Project 1

ATM Forecast

Our data comes from the ATM624Data.xlsx file. This data file has some NA's present, stretching from 5/1/2010 through 5/14/10. So for the purposes of our analysis, we will only be looking at complete cases.

Cleaning

Once all the data is split, we convert each separate data frame into their own time series to examine any trends. Our data only covers the time frame 5/1/2009 through 4/30/2010.

We can see from our initial exploration that ATMs 1 and 2 are roughly similar in profile. At first glance, they appear to be very seasonal, going through periods of high use and low use, with some rather large spikes at certain months. There is, however, no discernible trend, so they could also be white noise. We shall examine them further with correlograms.

In the meanwhile, ATM3 is one that either has suffered from a glitch, or is in a very inconvenient location. We see that no money has been withdrawn from it until recently, and we have no idea whether or not this is an abberation in the data. Regardless, there is not enough data to perform any such prediction about this ATM. Similarly, ATM4 might be like ATMs 1 and 2, except for a large spike of over a million dollars. Information on how much money an ATM can hold is hard to pin down, but a report from Time notes that the “average size machine can hold as much as $200,000, though few do”. As we’re looking at over a million dollars, it is safe to assume that this is likely a glitch and perhaps ignore it.
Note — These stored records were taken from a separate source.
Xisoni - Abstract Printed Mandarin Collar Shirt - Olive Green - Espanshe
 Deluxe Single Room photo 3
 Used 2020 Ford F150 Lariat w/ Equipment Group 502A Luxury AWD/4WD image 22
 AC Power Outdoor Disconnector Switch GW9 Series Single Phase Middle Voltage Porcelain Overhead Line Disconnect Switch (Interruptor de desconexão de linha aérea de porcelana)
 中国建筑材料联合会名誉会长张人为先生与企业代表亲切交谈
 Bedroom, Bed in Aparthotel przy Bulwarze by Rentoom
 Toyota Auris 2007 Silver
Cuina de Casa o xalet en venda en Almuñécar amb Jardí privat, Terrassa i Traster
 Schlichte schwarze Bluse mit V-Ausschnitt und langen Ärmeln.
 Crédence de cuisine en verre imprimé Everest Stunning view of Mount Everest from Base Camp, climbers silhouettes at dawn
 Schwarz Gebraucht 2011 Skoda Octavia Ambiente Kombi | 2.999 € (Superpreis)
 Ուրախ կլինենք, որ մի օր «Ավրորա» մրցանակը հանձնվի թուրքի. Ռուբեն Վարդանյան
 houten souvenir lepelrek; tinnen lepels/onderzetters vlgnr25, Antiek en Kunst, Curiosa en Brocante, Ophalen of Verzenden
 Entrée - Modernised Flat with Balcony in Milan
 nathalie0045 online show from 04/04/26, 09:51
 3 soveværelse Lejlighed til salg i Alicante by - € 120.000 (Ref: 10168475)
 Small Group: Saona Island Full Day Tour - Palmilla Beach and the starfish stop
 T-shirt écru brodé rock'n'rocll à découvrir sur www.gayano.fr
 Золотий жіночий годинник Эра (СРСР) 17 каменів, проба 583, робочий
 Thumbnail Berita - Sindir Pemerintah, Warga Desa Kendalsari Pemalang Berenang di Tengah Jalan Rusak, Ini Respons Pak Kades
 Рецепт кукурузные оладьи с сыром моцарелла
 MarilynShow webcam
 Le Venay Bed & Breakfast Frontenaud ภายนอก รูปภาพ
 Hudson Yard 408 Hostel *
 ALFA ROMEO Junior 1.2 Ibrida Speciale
We can test whether or not we need to do any differencing on our data by utilizing the KPSS test.

## 
## ####################### 
## # KPSS Unit Root Test # 
## ####################### 
## 
## Test is of type: mu with 5 lags. 
## 
## Value of test-statistic is: 0.4418 
## 
## Critical value for a significance level of: 
##                 10pct  5pct 2.5pct  1pct
## critical values 0.347 0.463  0.574 0.739
## 
## ####################### 
## # KPSS Unit Root Test # 
## ####################### 
## 
## Test is of type: mu with 5 lags. 
## 
## Value of test-statistic is: 1.9675 
## 
## Critical value for a significance level of: 
##                 10pct  5pct 2.5pct  1pct
## critical values 0.347 0.463  0.574 0.739
## 
## ####################### 
## # KPSS Unit Root Test # 
## ####################### 
## 
## Test is of type: mu with 5 lags. 
## 
## Value of test-statistic is: 0.3892 
## 
## Critical value for a significance level of: 
##                 10pct  5pct 2.5pct  1pct
## critical values 0.347 0.463  0.574 0.739
## 
## ####################### 
## # KPSS Unit Root Test # 
## ####################### 
## 
## Test is of type: mu with 5 lags. 
## 
## Value of test-statistic is: 0.0797 
## 
## Critical value for a significance level of: 
##                 10pct  5pct 2.5pct  1pct
## critical values 0.347 0.463  0.574 0.739

None apart from ATM4 close to being stationary, so we’ll need to utilize at least one differencing.

## 
## ####################### 
## # KPSS Unit Root Test # 
## ####################### 
## 
## Test is of type: mu with 5 lags. 
## 
## Value of test-statistic is: 0.0085 
## 
## Critical value for a significance level of: 
##                 10pct  5pct 2.5pct  1pct
## critical values 0.347 0.463  0.574 0.739
## 
## ####################### 
## # KPSS Unit Root Test # 
## ####################### 
## 
## Test is of type: mu with 5 lags. 
## 
## Value of test-statistic is: 0.0149 
## 
## Critical value for a significance level of: 
##                 10pct  5pct 2.5pct  1pct
## critical values 0.347 0.463  0.574 0.739
## 
## ####################### 
## # KPSS Unit Root Test # 
## ####################### 
## 
## Test is of type: mu with 5 lags. 
## 
## Value of test-statistic is: 0.3183 
## 
## Critical value for a significance level of: 
##                 10pct  5pct 2.5pct  1pct
## critical values 0.347 0.463  0.574 0.739
## 
## ####################### 
## # KPSS Unit Root Test # 
## ####################### 
## 
## Test is of type: mu with 5 lags. 
## 
## Value of test-statistic is: 0.0087 
## 
## Critical value for a significance level of: 
##                 10pct  5pct 2.5pct  1pct
## critical values 0.347 0.463  0.574 0.739

With the exception of ATM3, the test-statistic value is small enough, and within the range of being stationary. In the case of ATM3, it would require another differencing, but it is doubtful that the data is even worth forecasting on.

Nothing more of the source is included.